According to a report by Melbourne, Australia’s The Age, “at least 30 former Guantanamo Bay detainees have been killed or recaptured after taking up arms against allied forces following their release.” And these 30 are just those recaptured or those who intelligence sources have identified as having returned to their terror activities upon release, so the number could be even higher.

Lt. Command Jeffery Gordon of the Department of Defense told reporters, “We are aware of dozens of cases where they have returned to militant activities, participated in anti-US propaganda or engaged in other activities.” Lt. Commander Gordon reminded that these detainees had “successfully lied to US officials, sometimes for over three years,” yet here we have anti-war activists who are willing and ready to take the word of these terrorists over that of U.S. officials.

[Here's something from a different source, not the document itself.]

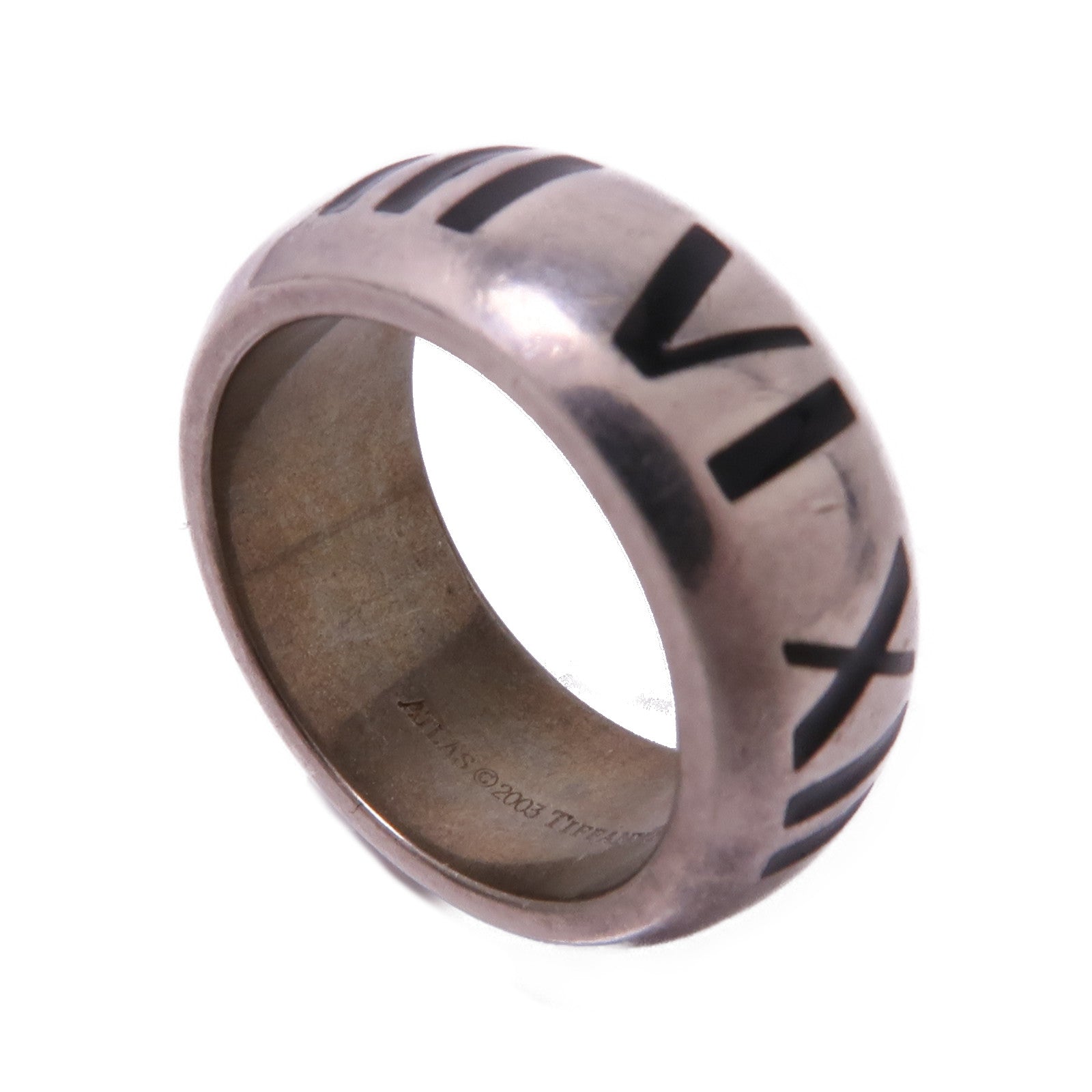 TIFFANY＆CO 925純銀Atlas Ring戒指US#4.25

It is painfully obvious that releasing these terrorists caught on the field of battle is an insane idea. It has been proven that they merely go right back to their roles as enemy combatants once we release them. So why do it in the first place? Why restock the manpower and leadership structure of our bitterest enemy by doing so?

The report mentioned above quantifies the numbers for us. “An analysis of 516 Guantanamo detainees found that while there was no evidence linking six of them to terrorist activities, 95 per cent were a potential threat to US interests. This was based on their affiliations with groups such as al-Qaeda, their enthusiasm for violent jihad, their having undertaken small-arms training or having been willing to perform a support role for terrorism.”

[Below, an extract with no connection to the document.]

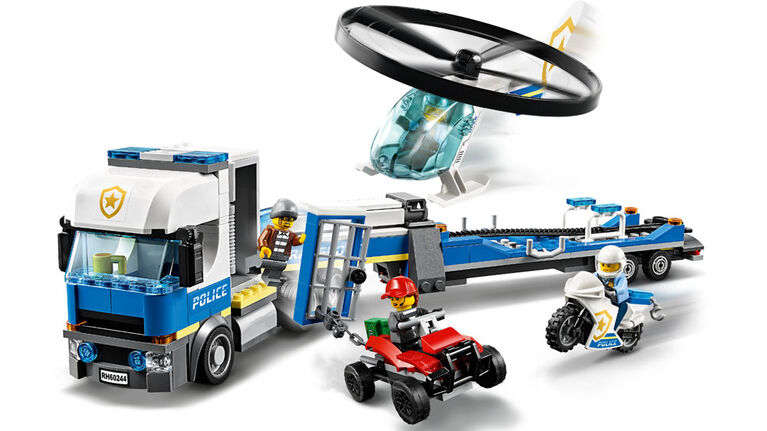 LEGO City Police Le transport de l'hélicoptère de la poli 60244 (317 pièces)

But, even with that news, our purported ally in the war against Islamist terror, Britain, is pressuring us to release Guantanamo detainees that hold British citizenship. Yet, even with this foolish request, the Brits have no idea what to do with the detainees who will return to wreak havoc on their very shores.

After New Prime Minister Gordon Brown’s government made this outlandish request, Tory MP Patrick Mercer, a security expert, asked: “Will they be free to roam as they wish when they return to this country? Will they be considered for control orders and will they be considered for return to their countries of origin?”

That is a very good question, isn’t it? And it dovetails right in with the point under consideration here. Won’t these people be free to restart their stalled Jihadist careers once released and on their own? Who could imagine they wouldn’t? So why release them to go right back to their nefarious activities?

To the U.S., this experience is not a new phenomenon. We have gone through this situation of releasing prisoners that only go back to the fight before and we stopped it then, too.

During the American Civil War, a practice had been in place whereby POWs from each side would be “exchanged” in a prescribed manner. This was supposed to alleviate either side from having to storehouse prisoners for too much time. While Lincoln never gave his official nod to the practice, as such an action would have recognized the Confederacy as a legitimate power, these exchanges went on none-the-less. But by 1864, once Ulysses Grant had taken the reins of the Federal forces fighting in the east, he stopped the practice.

General Benjamin F. Butler said that in a conversation with Grant the army chief maintained that “…by the exchange of prisoners we get no men fit to go into our army, and every soldier we gave the Confederates went immediately into theirs, so that the exchange was virtually so much aid to them and none to us.”

Grant was 100% right. So, with the lesson learned so long ago, why should we ignore its logic now? The same principle holds true today, certainly. When we capture these murderous, terrorists on the field of battle or otherwise operating against us, why should we casually release them right back into the waiting arms of their friends? Why give the terrorists their fellows back, why replenish their ranks with experienced operatives? We are doing nothing but giving “so much aid to them and none to us,” after all.

By holding them we prevent them from acting against us and from adding their abilities to our enemy’s. By releasing them we get nothing in return but the temporary good feelings of people who don’t like us anyway, people who don’t care a whit if we are further endangered.
We have proof that at least 30 of these people have taken up arms upon release. If stopping the release of prisoners dangerous to our safety, why not take the advice of one of our most successful generals in our entire history and stop this insanely self-destructive action?

It’s absolutely flabbergasting that reputedly intelligent people cannot see this point.

The fact is, we don’t need to close the Guantanamo facility, we need to open more of them.